The Calendar Curveball
FOMC Wednesday is the big one this week:
- Tuesday: ADP Employment, JOLTS Job Openings
- Wednesday: Employment Cost Index, then the main event – Fed Rate Decision (forecast 3.75% vs previous 4.00%), FOMC Projections, Statement, and Press Conference at 2:30pm
- Thursday: Unemployment Claims
NFP? Pushed to 16th December. Because scheduling is hard, apparently.
The Lean
I’m still inclined to be a little bearish until we see these breakouts actually confirm. We’re near upper boundaries – not through them. “Near” has a habit of becoming “rejected from” when you’re not paying attention.
Poppers remain active both ways. No directional filters needed when ranges are this tight.
Expert Insights:
The Setup: Markets consolidating at range boundaries with breakout targets tantalisingly close but not yet reached.
The Fix: Range-bound markets reward patience over action. Research from my analysis suggests that waiting for price to reach well-defined support and resistance levels – rather than trading in the middle of ranges – significantly improves decision-making quality. The temptation to anticipate breakouts before confirmation leads to premature entries and frustration.
The systematic approach: define your levels, wait for resolution, act on confirmation. Not prediction.
[Source: AntiVestor – “6 Money Making Patterns”]
In Other News…
Markets Celebrate Being 0.7% From Record, Ignore Everything Else
Fed’s “final word,” $100B tariff ruling, Treasury worst week. VIX 15.41 = “calm” apparently.
Markets steadied ahead of Wednesday’s FOMC delivering Fed’s “final word on 2025” like Jerome Powell’s ending season cliffhanger. S&P sits 0.7% below record—investors celebrating proximity to achievement rather than actual achievement. VIX at 15.41 signals calm despite pivotal Fed week, Supreme Court tariff ruling with $100B refund liability, and Netflix-WBD deal volatility because apparently multiple binary risks equal tranquility.
When Worst Treasury Week Since June = Stocks Rally
Treasuries suffered worst week since June with 10-year hitting 4.14% (highest since June) whilst stocks notched fourth straight winning day. Tech breadth broadened with XLK’s tenth consecutive session—markets treating rising yields as background noise whilst celebrating tech rally. Curve suggests pricing one cut but questioning 2026 pace meaning market simultaneously confident and uncertain about same Fed policy.

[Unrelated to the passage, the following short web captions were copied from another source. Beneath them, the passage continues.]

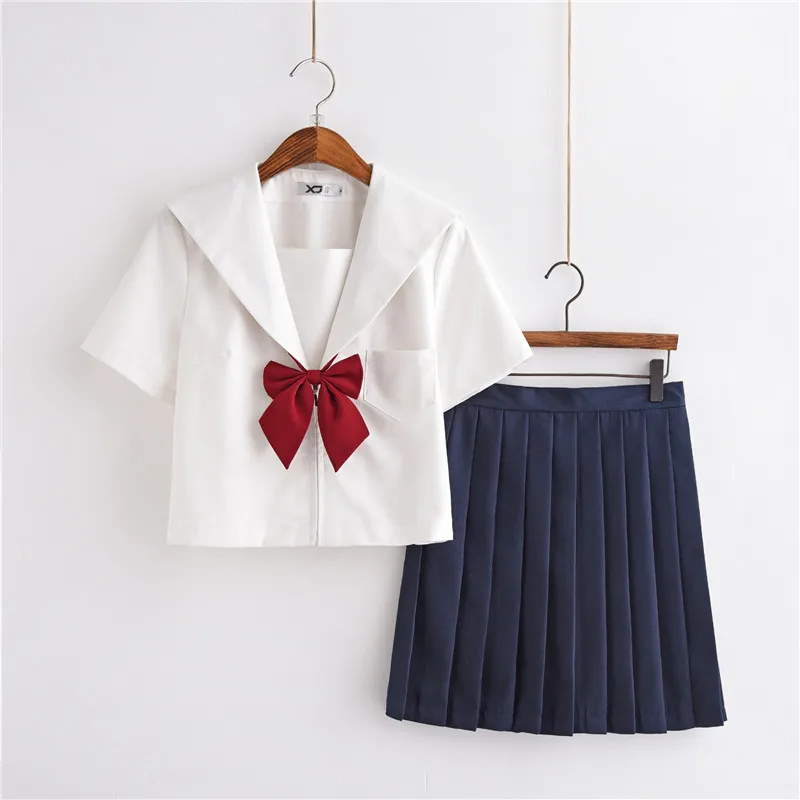2019 Japanese Student School Uniform Preppy Style Sailor Suit Bow Crew Neck Women Tops And Young Girl Solid Mini Pleated Skirts
2019 Japanese Student School Uniform Preppy Style Sailor Suit Bow Crew Neck Women Tops And Young Girl Solid Mini Pleated Skirts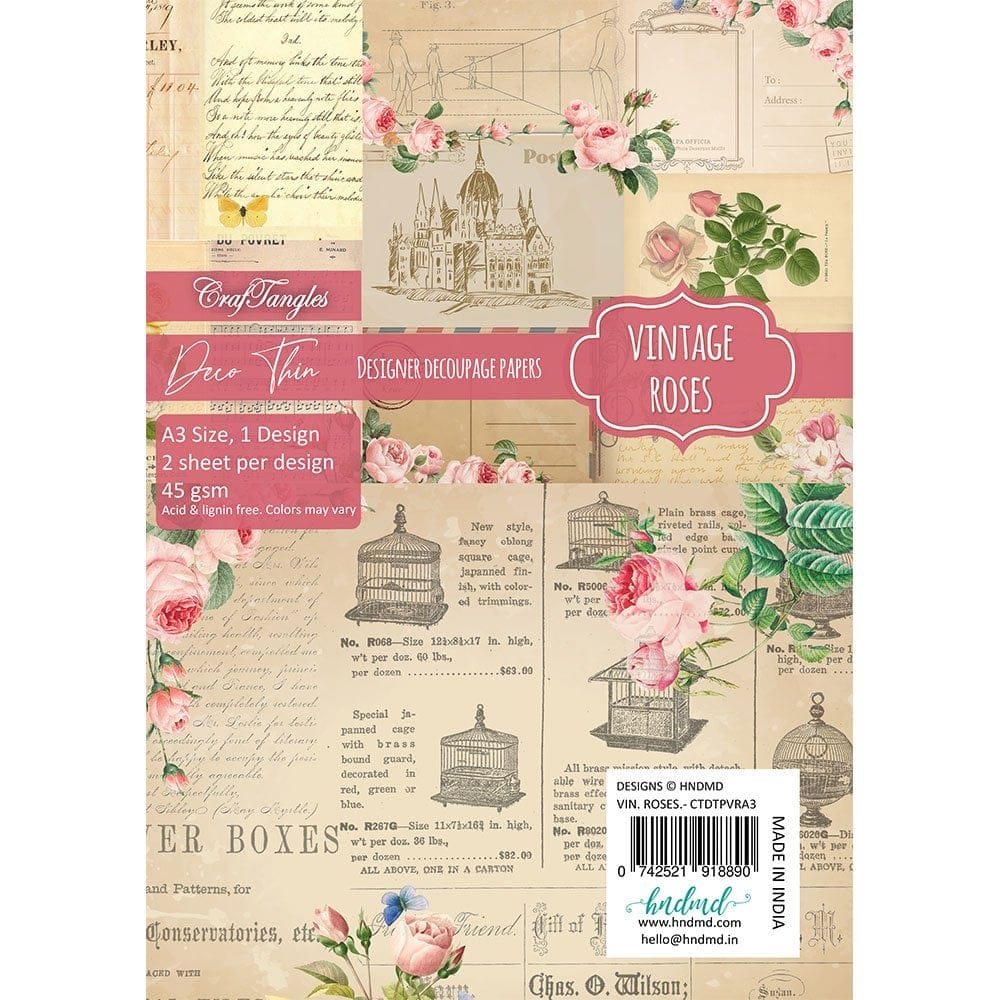 CrafTangles Deco Thin Decoupage Paper A3 (45 gsm) - Vintage Roses - 2 sheets CrafTangles Deco Thin Paper Vintage Roses CrafTangles Deco Thin Decoupage Paper A3 (45 gsm) - Vintage Roses - 2 sheets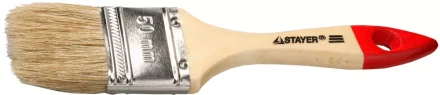 Кисть плоская STAYER "UNIVERSAL-STANDARD", светлая натуральная щетина, деревянная ручка, 50мм 0101-050 купить в Надыме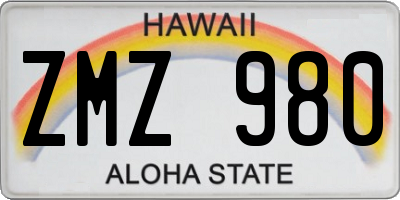 HI license plate ZMZ980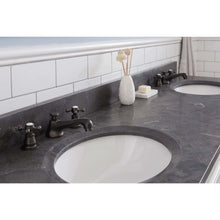 Load image into Gallery viewer, Water Creation Potenza 72&quot; Bathroom Vanity in Earl Grey with Blue Limestone Top with Faucet and Small Mirror- Water Creation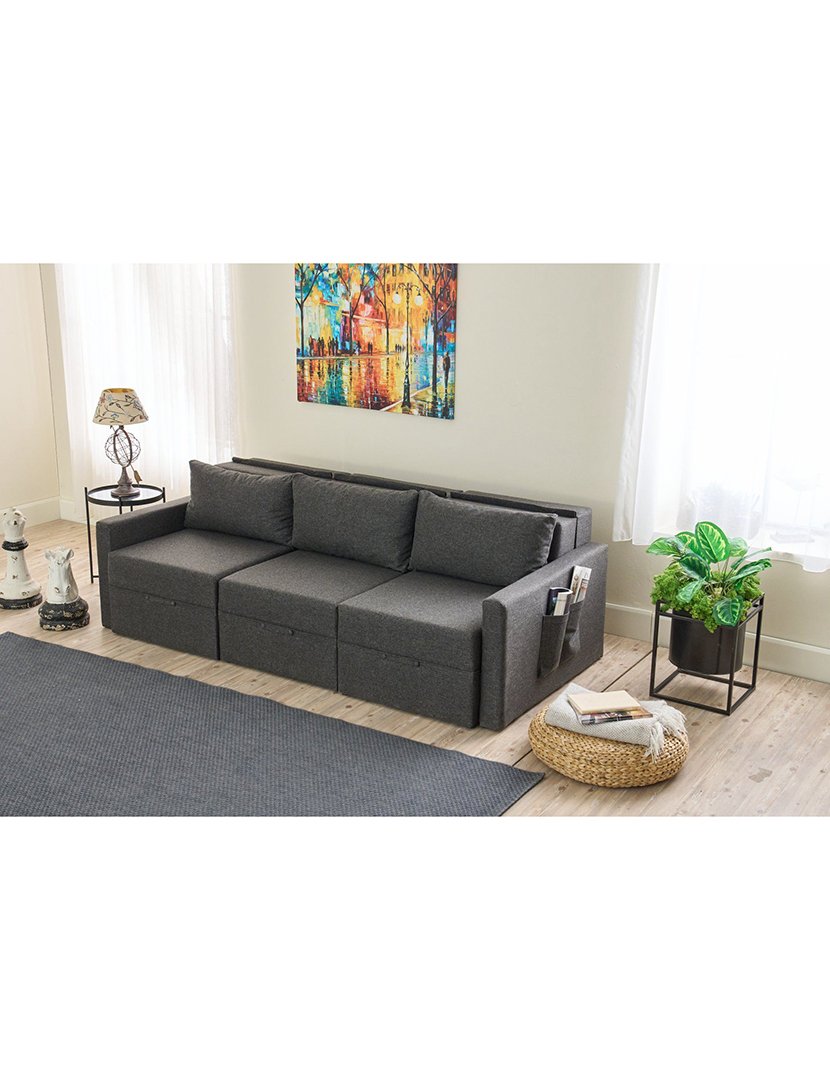 Sofá Cama Chaise Longue Direito Saros Antracite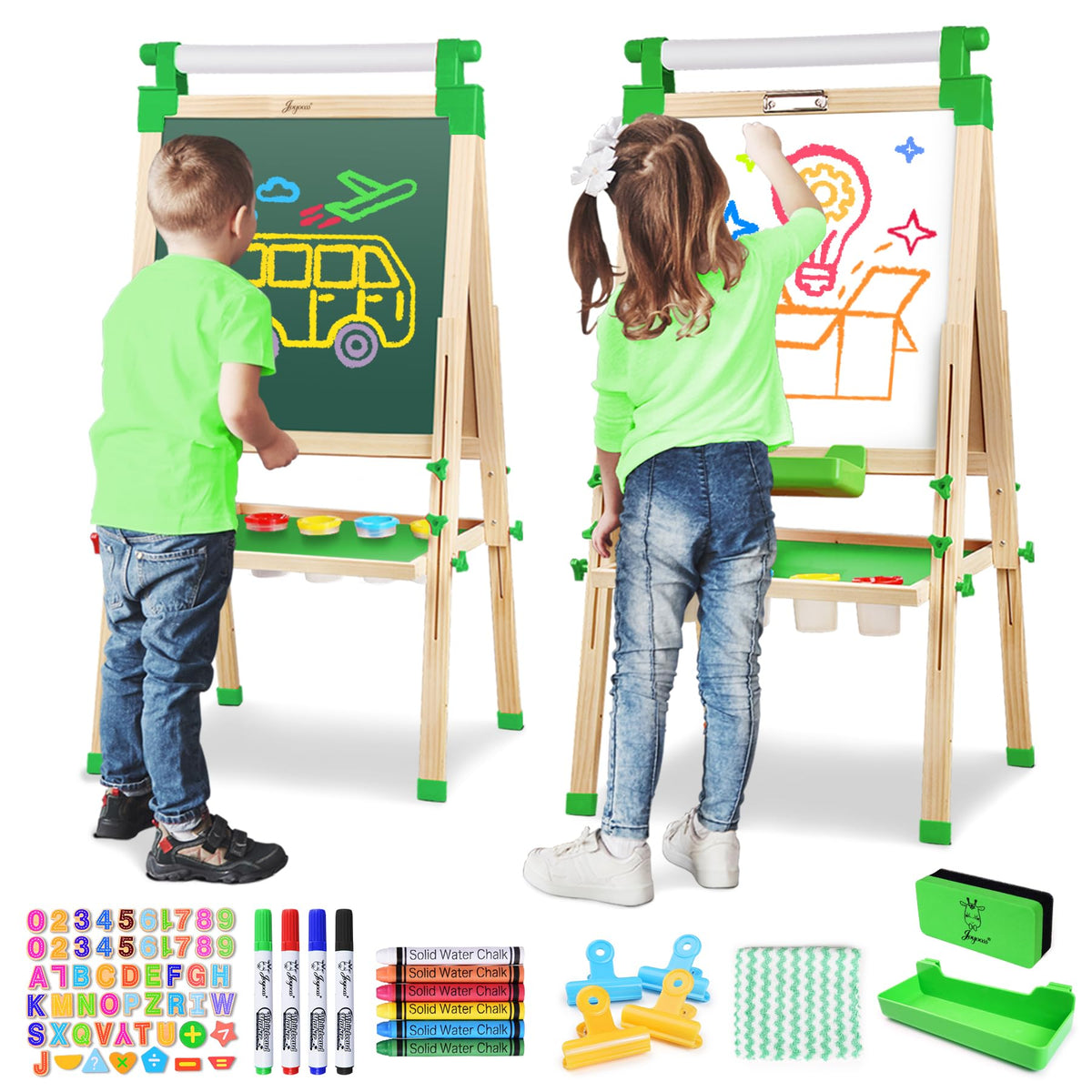 Adjustable Wooden Art Easel with Paper Roll and Drawing Board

Supreme Court Tariff Ruling: $100B Binary Risk (Ignored)
Supreme Court tariff ruling represents $100B refund liability possibility—binary outcome that could reshape trade policy and corporate balance sheets—yet VIX at 15.41 suggests nobody pricing this. Oracle Monday faces AI monetization questions, Broadcom Thursday tests infrastructure thesis, but everyone focused on Fed’s Wednesday “final word” as if one meeting determines 2025 when there’s two weeks left.
GM Hits All-Time Highs “Since 2010 IPO”
GM reached all-time highs “since 2010 IPO”—selective time frame ignoring entire pre-bankruptcy existence. Bank of America hit 2006 highs—another carefully chosen benchmark. Markets excelling at choosing timeframes that make numbers look impressive whilst ignoring inconvenient historical context.
☕ Hazel’s Take
VIX 15.41 signals calm before Fed finale, $100B tariff ruling, Oracle/Broadcom tests. When celebrating 0.7% from record whilst Treasuries have worst week and Supreme Court binary risk ignored completely, probably acknowledging proximity to anything counts as success now.
—Hazel, FinNuts

Rumour Has It…
Breaking from the Financial Nuts newsroom: Percy was discovered teaching his desk pigeons “Range Boundary Patience Formation Flying” whilst claiming they had mastered “Systematic Waiting During Cat’s Whisker Proximity Advanced Hovering.”
Hazel updated her crisis management protocols to include “Trading During Nothing Happening Procedures” alongside emergency plans for “Upper Boundary Proximity Without Breakout Confirmation Stress Management Processes.”
Mac raised his Monday morning whisky and declared, “When both indexes are a cat’s whisker from target whilst doing Sweet Fanny Adams, the proper response is obviously patience and another dram!”
Kash attempted livestreaming about “Crude Oil sneaking out of channels being basically like DeFi protocols escaping yield farming ranges but with actual barrels involved” but got distracted watching VIX sulk on its couch.
Wallie grumbled that in his day, breakout targets meant “proper decisive moves, not this cat’s whisker nonsense with everyone waiting for someone else to make the first move!”
This is entirely made-up satire. Probably!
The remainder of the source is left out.